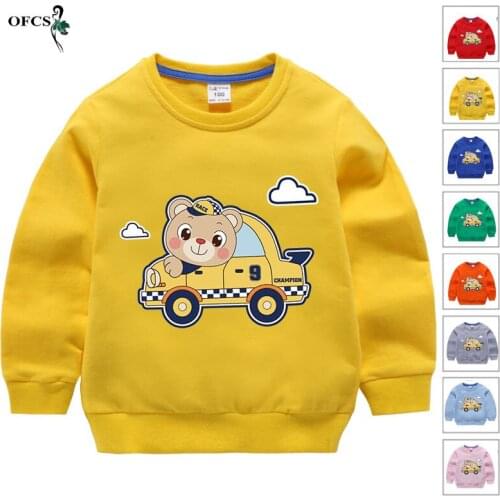 New Cute Toddler Girl Clothes Fashion Boys Sweatshirt Cartoon Animals Pattern Full O Neck Cotton Unisex Casual Outfits 2-12Years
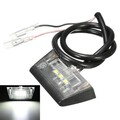 LED Number License Rear Quad Bike Light For Motorcycle E-Marked 12V 3 Plate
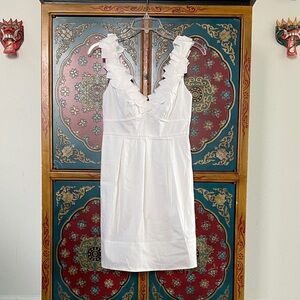 BCBGMaxAzria Kerry White V-Neck Dress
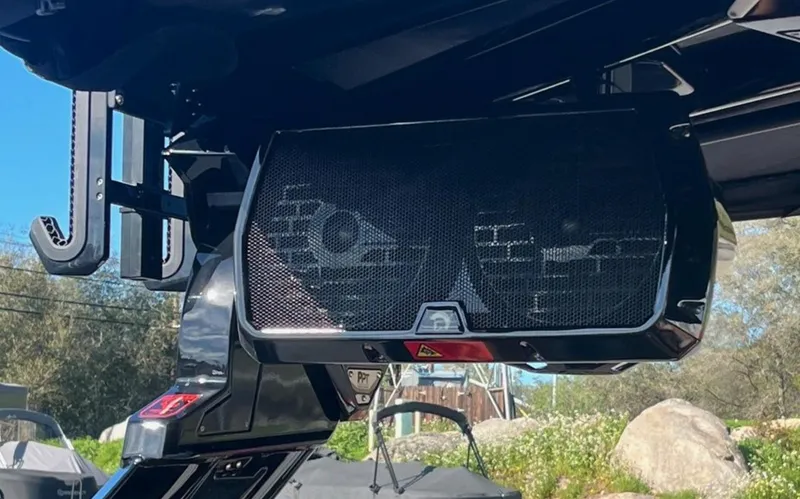 Slide: The Image of Centurion Ri 265 2025 boat speaker system, outdoor setting, close-up view. - 15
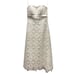 Galina Strapless Tea Length Ivory Lace Wedding Gown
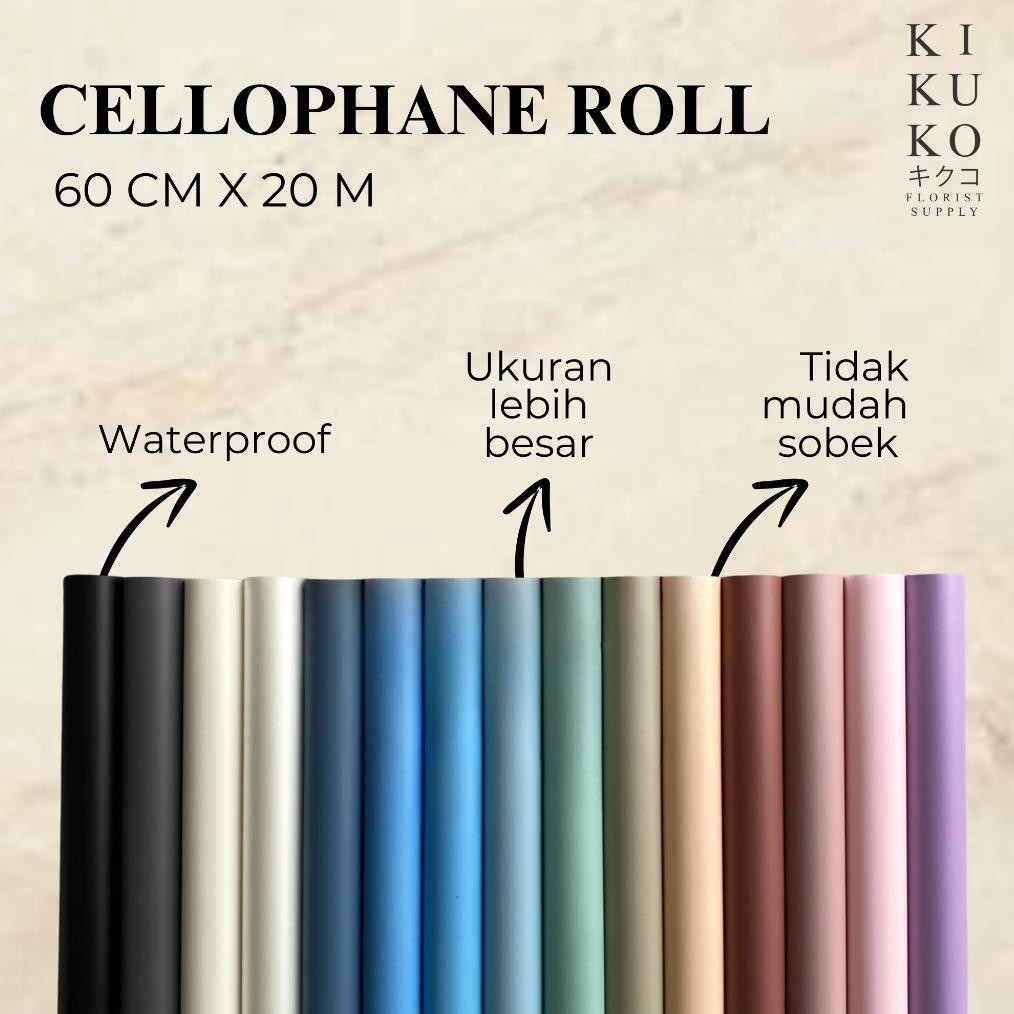 

Wrapping Paper / Kertas Bunga - Cellophane 57m X 20m aSt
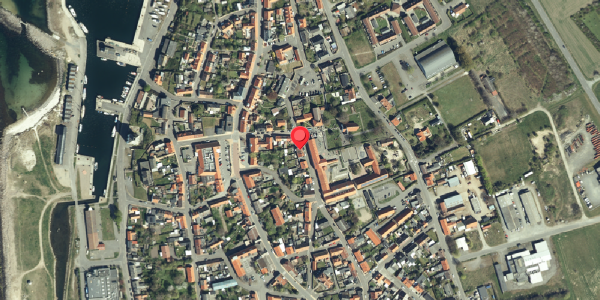 Oversvømmelsesrisiko fra vandløb på Kirkegade 21, . , 3790 Hasle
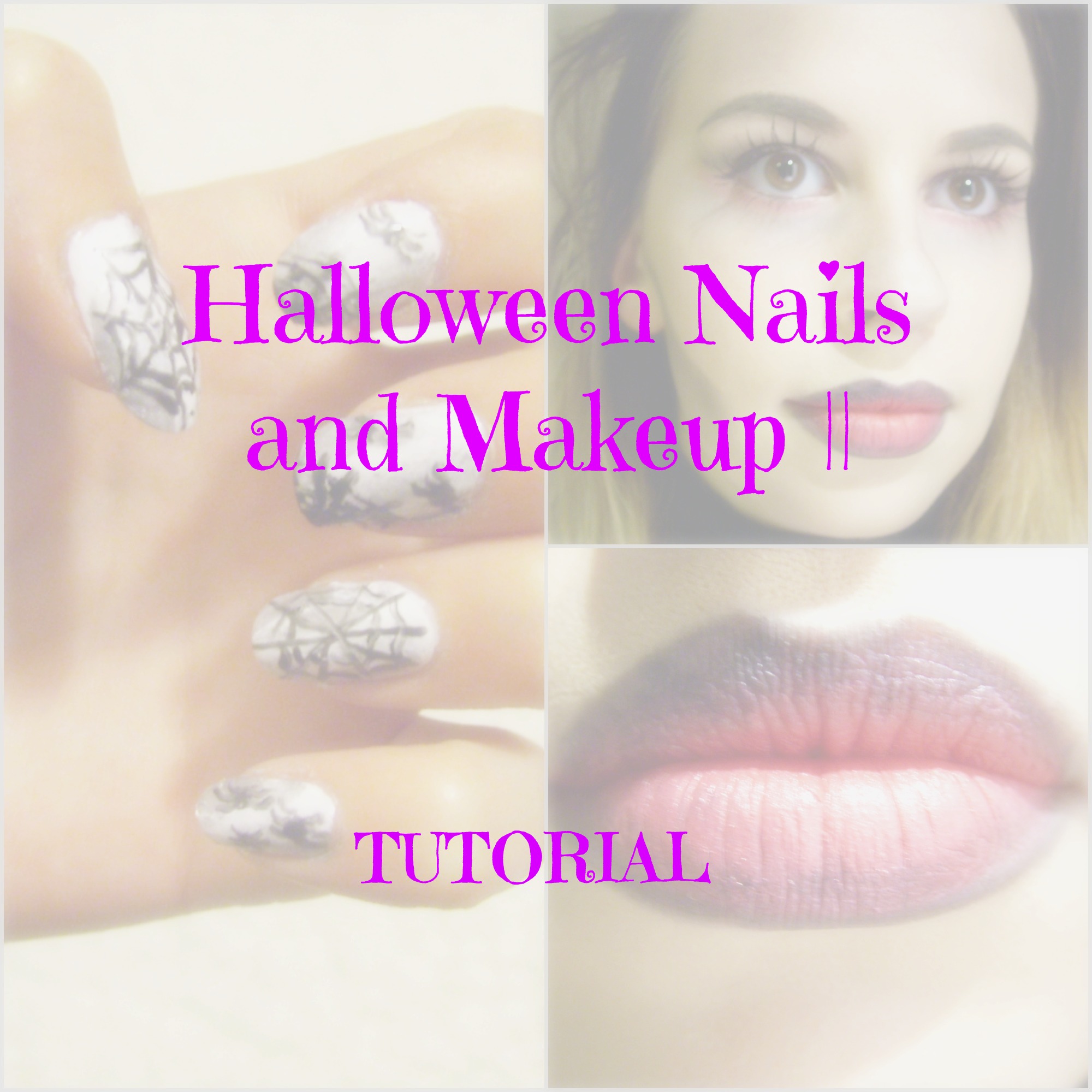 Halloween Nails and Makeup || TUTORIAL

===============

_Assignment_
Pictures are to be left out, and each line from the one that contains "LED Number License" through the end of the listing is to be copied exactly.

_Written answer_
 LED Number License Rear Quad Bike Light For Motorcycle E-Marked 12V 3 Plate
 BCBGMaxAzria Kerry White V-Neck Dress
 Slide: The Image of Centurion Ri 265 2025 boat speaker system, outdoor setting, close-up view. - 15
 Galina Strapless Tea Length Ivory Lace Wedding Gown

Wrapping Paper / Kertas Bunga - Cellophane 57m X 20m aSt
 Oversvømmelsesrisiko fra vandløb på Kirkegade 21, . , 3790 Hasle
 Halloween Nails and Makeup || TUTORIAL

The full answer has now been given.